For my specific use-case, I create the dataset using the .from_dict() method. I then process the dataset using .map() using the main process (no cache files get saved automatically unless you specify the cache_file_name parameter of .map()). Once the non-main processes are resumed, they are not able to locate the cache files.

Possible Workarounds

  1. I could save all data (maybe a csv) and load it using load_dataset(). This way, cache files are generated and all is well. However, my dataset is large (~100GB), and multiple processing using .map() further increases the data size making it very difficult to store and load data efficiently with limited HW resources. That’s why I’m using from_dict() to load smaller data on-the-fly.
  2. Instead of using in-memory data to create the dataset, I could first save the data as csv or json. I could then use load_dataset('csv' or 'json', ...).

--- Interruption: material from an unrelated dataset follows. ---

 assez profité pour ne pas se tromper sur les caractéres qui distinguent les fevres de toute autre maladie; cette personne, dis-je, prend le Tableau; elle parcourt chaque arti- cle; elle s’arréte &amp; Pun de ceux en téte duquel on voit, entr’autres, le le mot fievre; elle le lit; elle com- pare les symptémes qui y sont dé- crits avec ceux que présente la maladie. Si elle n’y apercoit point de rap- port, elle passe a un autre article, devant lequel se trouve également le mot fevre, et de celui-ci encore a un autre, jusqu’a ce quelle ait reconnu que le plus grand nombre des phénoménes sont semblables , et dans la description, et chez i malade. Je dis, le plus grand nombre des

I will try this method for now. I think it will work.
1 Like

Hi !

When dataset.cache_files is empty (i.e. when your dataset comes from python objects, not from data from your disk), the map() method doesn’t know where to write the resulting dataset.

In this case, you have to pass cache_file_name=<path/to/resulting/cache/file.arrow> manually to map().

For the subsequent calls to .map(), you won’t need to specify this anymore, since it will store the cache files in the same directory as the path your provided in the first place.

For what it’s worth, I got around this issue by using datasets.Dataset.from_file in conjunction with datasets.Dataset.from_dict. The pattern looks something like:

dataset_path = '/some/path'
if not os.path.exists(dataset_path):
  d = datasets.Dataset.from_dict(...)
  d.save_to_disk(dataset_path)

d = datasets.Dataset.from_file(
  filename=os.path.join(dataset_path, 'dataset.arrow'),
  info=datasets.DatasetInfo(
    builder_name="my_dataset", 
    config_name="my_dataset_config"
  )
)

Note that the first time this code runs, when we create the dataset using from_dict, we have to save it and load it again so that dataset.cache_files will be non-empty. The reason this works is that dataset.cache_files will be automatically set if the dataset is loaded from disk.

1 Like

Also stumbled on this bug. Any plans to fix it?